For a while I haven’t really given thought to why I do not date black men as much, if ever, anymore. All my black guy friends always ask me and I do not have a clear answer. It hit me today one of the main reasons why I do not date black men. They like to be up in the club and I do not. That may sound like a really stupid reason, but let me explain *in my Kevin Heart voice*. I have nothing against my back men, I wish them the best. But you cannot fault me for my preference in men. I do not just like white men, I like all men. Any man that I find to be attractive is a man I will date. So below I will explain.
First black men are very flashy. White men are flashy too but in very different ways. When I am with a black man I need to be done up to the nines at all times because he wants to show me off as his woman and his woman needs to look a certain way. I have to keep up with the joneses. White men, yes they are flashy but it is in a different way. They have better houses and cars and worry about their work clothes over their everyday clothes. All the white men that I have dated have nice places to live, nice suits to wear to work, a nice car, and money to travel with. The black men that I have dated have nice cars, nice clothes, and money to spend at the club… and their idea of traveling is going to Miami.
Second the white men that I have dated love me and my natural curls. Black men barely look twice at me. I do not have a fro, my curls are very defined, but since all the video girls have long weaves that is what the want. White men love it when my hair is natural. They call me queen. I am sure there are black men out there that love a woman with natural hair, I do not know where you are so I cannot account for you. But I do know you exist.
White men are not afraid to tell me I am beautiful. Those are the compliments that I have gotten more from white men then I have with black men. I do like to be called sexy but only when we are about to have sex or in some sort of situation like that. All the creep ass messages I get from black men in my inbox on these dating sites are, “damn you sexy” and things like that. Sorry that is not going to get my attention. I would rather be called pretty than that if I do not know you. I do not want to be a “bad bitch” either.
Lets be real, some black men do not think about the future. Notice how I said SOME. There are a few that do. My white men have been very successful men and have planned for the future. whether they wanted a family or not. They typically came from families and are family oriented men. They invest in the life they want to have. I want something stable and I find stableness with my white men. I do not understand how some of my brothers can think that spending thousands of dollars in the club is going to help their future. I would rather buy a handbag than to spend that amount of money in the club with a thousand people at my table.
Eating pussy has just become very popular to black men. From my experience black men are a little more selfish in the love department. They want their head first before they do anything else. White men do not hold giving head over your head. IF you want to do it, cool, if not, cool. I mean do not get me wrong all men love to get head, just like all women love to get their lady bits ate out. But they also love to see their women cum first. I am always taken care of in that department. It makes you want to get down on those knees and please your man when they take care of your first. My white men have all been adventurous in the bed. It was a white man who first introduced me to anal and tossed my salad. I have had the kinkiest and best sex with white men. All men cheat do not get me wrong and all men can be players. But at least I do not have to deal with ten baby mothers. Mostly because my white men are willing to help me pay for the things I need in order for me to not get pregnant.

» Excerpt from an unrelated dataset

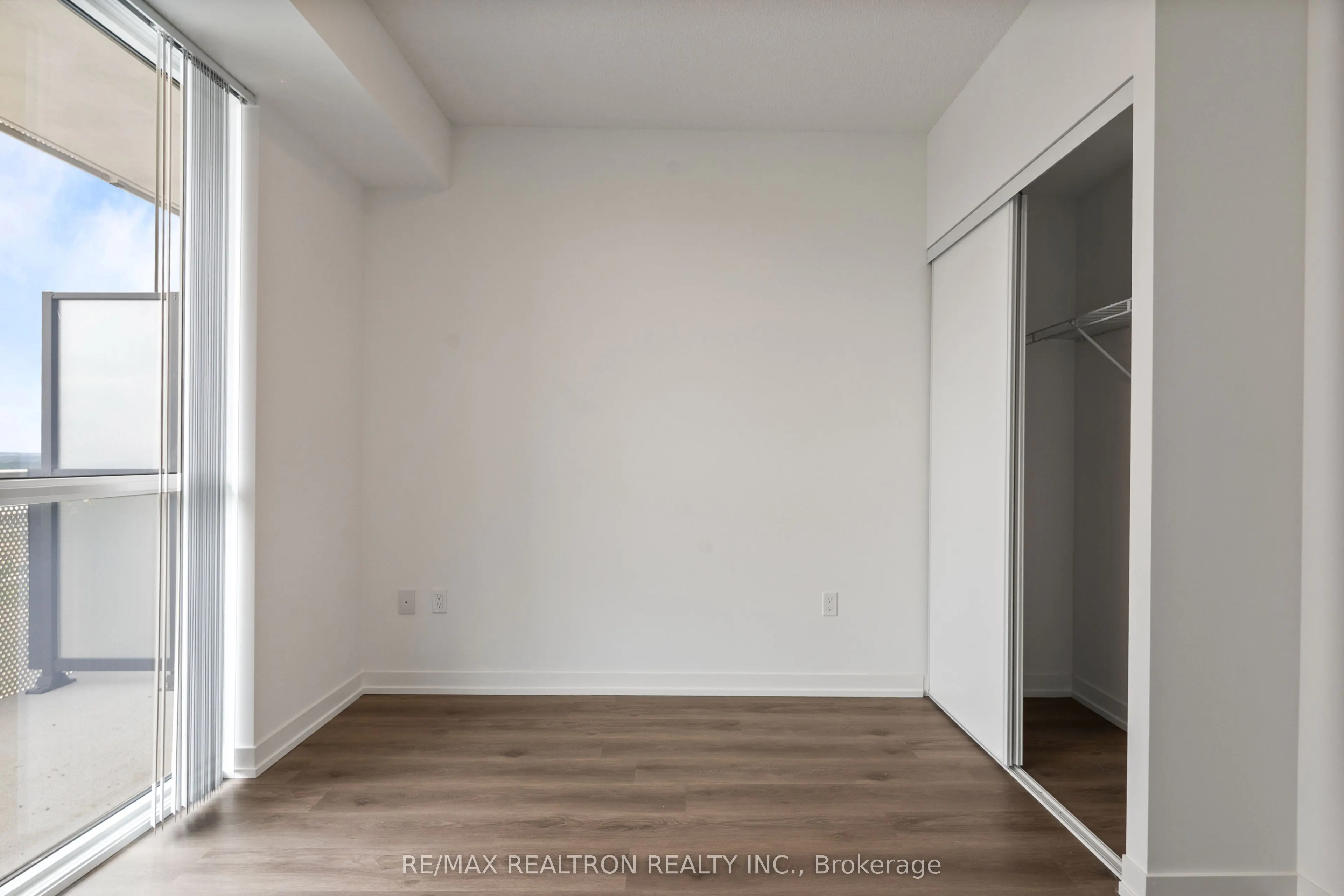 28 Interchange Way, #16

I do not like going to the club. And black men my age and a couple years ahead, love to go to the club. They like to shout out for their friends and drop big money on bottles of vodka that cost like $20 in the liquor store but be $200 in the club. I like to go to the bar and dance and have a good time without the pressure of having to impress people I do not even know. I get dressed up and shit, but I do not have to get dressed to the nines like when I do go out with my majority black friends. Its less pressure. I am sure I can find black men who are interested in what I like to do. I am not giving up on that. But it is easier to meet white men at the places I do like to go to though. I am not being groped at the bar like I would be in the club.
For me what it really comes down to is sex and stability. The stability part is what is most important for me. I know with my older white men, if I am out, I know they are not out at all hours trying to pick up girls. They are usually out with their old friends who may be married or in relationships. More of their friends are in relationships which rubs off on them. My old white men like to stay in the house. They are not out every weekend. White men my age could be compared to black men my age. But I do not date men my age in general whether they are white or black or spanish or whatever. I like to date older men. So maybe this isn’t about white and black, maybe its about older men versus men my own age. I think most of the issues is about men my own age. So if I erase, white vs. black it really does come down to older vs. my age.
I have not given up on my black men. I do still try to go on dates with them. But my priorities are very different. What I like to do is very different so sometimes it is hard to relate. I come from a mixed family. I have whites and blacks in my family. I do not think that just because I am black that I have to date my own race. If I am attracted to a man, then I will date that man.